Join date ranges with data from 2 tables

  • Hello:
    I have 2 tables with data as below:

    create table #product(product_id int, product_name varchar(50), regular_price money, start_dt datetime)
    create table #product_promotions(product_id int, promo_price money, start_dt datetime, end_dt datetime)
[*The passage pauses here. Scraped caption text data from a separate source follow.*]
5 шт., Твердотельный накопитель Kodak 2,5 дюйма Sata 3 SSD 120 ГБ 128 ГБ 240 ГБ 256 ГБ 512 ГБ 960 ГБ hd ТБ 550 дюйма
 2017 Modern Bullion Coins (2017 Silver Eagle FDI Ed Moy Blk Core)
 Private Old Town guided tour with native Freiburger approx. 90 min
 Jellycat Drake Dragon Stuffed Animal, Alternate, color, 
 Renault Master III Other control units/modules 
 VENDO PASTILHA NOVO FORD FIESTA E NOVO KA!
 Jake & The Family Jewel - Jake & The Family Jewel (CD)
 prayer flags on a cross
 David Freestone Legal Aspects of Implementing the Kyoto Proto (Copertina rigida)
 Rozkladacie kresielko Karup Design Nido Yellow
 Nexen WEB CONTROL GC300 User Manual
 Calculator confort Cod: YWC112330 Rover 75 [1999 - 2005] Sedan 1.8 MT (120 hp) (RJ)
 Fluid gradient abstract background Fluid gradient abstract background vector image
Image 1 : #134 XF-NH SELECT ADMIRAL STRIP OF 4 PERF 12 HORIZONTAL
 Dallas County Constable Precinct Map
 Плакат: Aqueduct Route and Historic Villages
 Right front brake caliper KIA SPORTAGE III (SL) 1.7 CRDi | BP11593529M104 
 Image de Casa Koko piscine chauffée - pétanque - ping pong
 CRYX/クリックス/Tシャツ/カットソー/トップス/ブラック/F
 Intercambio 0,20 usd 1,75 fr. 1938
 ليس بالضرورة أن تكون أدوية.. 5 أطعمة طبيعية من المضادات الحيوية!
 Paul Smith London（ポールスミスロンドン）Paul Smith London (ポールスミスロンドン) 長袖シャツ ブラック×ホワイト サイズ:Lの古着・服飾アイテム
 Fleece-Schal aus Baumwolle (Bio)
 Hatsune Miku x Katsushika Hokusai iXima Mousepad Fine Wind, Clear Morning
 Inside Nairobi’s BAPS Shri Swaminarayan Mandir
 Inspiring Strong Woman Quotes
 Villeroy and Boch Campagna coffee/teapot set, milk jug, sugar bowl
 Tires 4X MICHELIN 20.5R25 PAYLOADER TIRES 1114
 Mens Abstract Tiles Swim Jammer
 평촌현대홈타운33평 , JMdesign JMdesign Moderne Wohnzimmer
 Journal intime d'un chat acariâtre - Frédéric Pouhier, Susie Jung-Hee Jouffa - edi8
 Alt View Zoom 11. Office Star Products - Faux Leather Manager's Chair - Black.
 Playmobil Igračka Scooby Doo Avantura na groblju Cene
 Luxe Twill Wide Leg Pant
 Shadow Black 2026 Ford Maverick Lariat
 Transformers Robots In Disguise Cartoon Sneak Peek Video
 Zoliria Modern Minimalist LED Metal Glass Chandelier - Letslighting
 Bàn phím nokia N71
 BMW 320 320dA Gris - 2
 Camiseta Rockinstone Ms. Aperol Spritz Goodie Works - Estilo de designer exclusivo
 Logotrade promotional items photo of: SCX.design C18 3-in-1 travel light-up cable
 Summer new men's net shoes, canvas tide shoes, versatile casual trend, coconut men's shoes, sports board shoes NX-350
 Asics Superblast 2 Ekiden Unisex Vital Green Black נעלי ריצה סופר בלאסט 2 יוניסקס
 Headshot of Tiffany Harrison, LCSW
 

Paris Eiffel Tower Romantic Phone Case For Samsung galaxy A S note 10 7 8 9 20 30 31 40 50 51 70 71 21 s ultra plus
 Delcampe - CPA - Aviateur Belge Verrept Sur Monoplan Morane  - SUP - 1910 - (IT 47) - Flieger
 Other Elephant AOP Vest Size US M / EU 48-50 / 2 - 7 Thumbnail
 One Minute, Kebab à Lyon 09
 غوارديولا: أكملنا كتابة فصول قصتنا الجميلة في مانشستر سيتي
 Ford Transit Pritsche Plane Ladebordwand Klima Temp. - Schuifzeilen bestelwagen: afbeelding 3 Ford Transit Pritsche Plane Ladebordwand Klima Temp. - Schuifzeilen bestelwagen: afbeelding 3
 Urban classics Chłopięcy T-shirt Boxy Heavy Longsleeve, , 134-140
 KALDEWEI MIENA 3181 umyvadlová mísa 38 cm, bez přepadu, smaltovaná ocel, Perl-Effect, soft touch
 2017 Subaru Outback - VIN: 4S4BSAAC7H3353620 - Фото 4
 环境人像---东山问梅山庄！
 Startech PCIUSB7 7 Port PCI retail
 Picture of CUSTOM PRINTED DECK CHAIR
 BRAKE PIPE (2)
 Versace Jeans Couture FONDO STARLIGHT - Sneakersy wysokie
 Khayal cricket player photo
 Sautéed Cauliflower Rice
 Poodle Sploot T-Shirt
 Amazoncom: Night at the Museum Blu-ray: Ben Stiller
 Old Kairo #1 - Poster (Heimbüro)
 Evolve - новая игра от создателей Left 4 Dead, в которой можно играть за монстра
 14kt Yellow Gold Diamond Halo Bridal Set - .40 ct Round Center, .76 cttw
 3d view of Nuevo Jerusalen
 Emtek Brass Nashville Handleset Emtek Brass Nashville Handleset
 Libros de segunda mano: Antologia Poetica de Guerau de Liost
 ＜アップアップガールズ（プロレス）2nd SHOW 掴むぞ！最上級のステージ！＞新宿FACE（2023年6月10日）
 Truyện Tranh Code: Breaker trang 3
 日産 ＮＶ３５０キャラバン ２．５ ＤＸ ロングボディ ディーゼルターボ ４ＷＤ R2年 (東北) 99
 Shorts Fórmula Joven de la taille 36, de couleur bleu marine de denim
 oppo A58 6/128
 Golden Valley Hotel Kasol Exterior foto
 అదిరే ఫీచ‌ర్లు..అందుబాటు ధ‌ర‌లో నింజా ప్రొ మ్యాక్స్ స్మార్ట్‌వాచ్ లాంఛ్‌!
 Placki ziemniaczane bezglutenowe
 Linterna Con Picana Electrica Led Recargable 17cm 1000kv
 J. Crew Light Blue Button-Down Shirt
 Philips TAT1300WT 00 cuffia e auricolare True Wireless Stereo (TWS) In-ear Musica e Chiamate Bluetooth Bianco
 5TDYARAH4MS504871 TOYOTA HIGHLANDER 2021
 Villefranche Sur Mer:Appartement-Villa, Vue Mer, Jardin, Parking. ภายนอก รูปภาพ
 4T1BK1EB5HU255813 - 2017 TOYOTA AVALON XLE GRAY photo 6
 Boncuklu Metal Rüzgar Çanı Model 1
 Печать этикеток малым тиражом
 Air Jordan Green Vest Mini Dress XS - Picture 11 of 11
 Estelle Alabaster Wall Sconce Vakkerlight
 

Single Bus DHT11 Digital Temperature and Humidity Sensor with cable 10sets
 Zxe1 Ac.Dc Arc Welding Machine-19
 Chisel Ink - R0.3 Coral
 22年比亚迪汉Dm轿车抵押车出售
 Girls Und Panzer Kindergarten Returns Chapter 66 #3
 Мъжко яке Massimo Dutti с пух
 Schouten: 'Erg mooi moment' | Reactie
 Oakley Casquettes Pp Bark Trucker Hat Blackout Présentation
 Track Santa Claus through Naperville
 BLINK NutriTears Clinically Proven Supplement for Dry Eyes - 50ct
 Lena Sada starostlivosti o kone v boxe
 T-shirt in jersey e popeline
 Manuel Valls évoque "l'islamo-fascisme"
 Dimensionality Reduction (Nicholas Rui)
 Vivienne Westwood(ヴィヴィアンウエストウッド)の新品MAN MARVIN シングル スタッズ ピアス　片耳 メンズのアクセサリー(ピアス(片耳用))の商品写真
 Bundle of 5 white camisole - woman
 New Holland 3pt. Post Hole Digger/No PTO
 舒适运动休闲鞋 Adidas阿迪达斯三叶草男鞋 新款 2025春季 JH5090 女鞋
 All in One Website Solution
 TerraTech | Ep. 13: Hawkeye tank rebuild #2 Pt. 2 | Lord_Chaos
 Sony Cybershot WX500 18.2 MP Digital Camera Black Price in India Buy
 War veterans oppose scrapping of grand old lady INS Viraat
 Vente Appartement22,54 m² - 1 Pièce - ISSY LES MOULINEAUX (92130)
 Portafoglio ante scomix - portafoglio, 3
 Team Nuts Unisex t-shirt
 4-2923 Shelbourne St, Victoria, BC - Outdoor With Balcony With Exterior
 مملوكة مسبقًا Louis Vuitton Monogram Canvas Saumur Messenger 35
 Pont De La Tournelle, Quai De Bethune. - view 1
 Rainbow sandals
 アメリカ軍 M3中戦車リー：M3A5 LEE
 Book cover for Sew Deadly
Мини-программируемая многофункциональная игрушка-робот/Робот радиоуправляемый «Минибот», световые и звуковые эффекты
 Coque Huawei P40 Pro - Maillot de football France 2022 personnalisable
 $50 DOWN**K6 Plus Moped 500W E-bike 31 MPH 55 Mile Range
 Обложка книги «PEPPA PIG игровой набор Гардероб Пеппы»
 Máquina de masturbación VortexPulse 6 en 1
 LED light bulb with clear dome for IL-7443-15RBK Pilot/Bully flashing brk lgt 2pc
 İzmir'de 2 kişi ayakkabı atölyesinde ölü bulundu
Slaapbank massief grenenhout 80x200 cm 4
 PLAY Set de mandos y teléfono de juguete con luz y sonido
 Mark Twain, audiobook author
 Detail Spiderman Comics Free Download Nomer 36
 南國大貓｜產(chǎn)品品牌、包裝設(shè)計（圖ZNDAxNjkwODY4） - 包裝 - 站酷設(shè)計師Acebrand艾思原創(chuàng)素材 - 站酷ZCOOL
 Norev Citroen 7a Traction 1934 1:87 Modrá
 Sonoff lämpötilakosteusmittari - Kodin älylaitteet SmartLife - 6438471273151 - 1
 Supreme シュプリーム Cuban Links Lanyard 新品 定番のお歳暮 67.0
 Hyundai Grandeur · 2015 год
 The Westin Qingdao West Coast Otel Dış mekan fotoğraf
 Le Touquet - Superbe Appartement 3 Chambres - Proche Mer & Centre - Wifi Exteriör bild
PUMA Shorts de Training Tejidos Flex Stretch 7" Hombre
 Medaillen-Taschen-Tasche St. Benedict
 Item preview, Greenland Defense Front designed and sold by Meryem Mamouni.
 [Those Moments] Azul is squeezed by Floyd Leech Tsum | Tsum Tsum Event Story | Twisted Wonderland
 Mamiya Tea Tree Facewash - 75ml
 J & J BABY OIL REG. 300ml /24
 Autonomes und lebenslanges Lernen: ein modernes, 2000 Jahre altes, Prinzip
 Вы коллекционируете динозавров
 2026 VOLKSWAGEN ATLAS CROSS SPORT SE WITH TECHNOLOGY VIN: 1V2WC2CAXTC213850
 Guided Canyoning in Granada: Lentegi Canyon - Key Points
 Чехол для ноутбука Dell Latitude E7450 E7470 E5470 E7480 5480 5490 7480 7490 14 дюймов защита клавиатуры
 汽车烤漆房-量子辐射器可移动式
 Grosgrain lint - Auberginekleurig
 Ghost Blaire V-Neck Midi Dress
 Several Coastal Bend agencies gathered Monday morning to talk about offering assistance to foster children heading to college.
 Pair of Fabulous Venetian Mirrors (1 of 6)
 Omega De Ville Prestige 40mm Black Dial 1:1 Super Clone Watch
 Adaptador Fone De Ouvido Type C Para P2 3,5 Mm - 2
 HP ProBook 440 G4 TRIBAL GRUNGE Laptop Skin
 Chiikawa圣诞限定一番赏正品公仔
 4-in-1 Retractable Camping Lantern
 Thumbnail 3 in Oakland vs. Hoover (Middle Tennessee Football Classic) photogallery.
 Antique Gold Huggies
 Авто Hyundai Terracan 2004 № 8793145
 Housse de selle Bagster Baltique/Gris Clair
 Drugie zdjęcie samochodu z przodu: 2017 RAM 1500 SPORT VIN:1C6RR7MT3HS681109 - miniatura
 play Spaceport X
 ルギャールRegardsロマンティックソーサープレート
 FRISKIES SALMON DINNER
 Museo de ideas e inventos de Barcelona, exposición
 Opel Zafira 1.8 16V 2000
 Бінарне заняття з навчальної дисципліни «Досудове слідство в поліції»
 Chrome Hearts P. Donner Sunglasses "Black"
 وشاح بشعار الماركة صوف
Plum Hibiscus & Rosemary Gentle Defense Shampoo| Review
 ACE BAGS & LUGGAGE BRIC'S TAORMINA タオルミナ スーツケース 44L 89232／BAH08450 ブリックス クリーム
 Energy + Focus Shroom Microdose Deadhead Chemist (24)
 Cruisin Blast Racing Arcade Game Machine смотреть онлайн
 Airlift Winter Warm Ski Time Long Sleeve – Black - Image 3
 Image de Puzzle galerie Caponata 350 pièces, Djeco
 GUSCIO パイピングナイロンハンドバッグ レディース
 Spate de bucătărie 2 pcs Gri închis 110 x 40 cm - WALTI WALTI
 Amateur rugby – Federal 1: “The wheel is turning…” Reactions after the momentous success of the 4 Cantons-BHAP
    insert into #product (product_id, product_name, regular_price, start_dt)
    VALUES ( 1, 'Calculator', $50, '1/1/2010'),
        ( 2, 'Cabinet', $100, '1/1/2011' ),
        ( 3, 'Chair', $200, '1/1/2012');

    insert into #product_promotions(product_id, promo_price, start_dt, end_dt)
    values
    (1, $40, '5/1/2010', '5/31/2010'),
    (1, $30, '10/1/2011', '10/31/2011'),
    (1, $20, '1/1/2018', '1/31/2018')

    insert into #product_promotions(product_id, promo_price, start_dt, end_dt)
    values
    (2, $90, '5/1/2010', '5/31/2010'),
    (2, $80, '10/1/2011', '10/31/2011'),
    (2, $70, '1/1/2018', '1/31/2018')

    select * from #product
    select * from #product_promotions

    As you see there are products with regular price and every now and then there are promo prices for the products. Now, I need to get one table with all the prices for the product with the date ranges as shown in the result below.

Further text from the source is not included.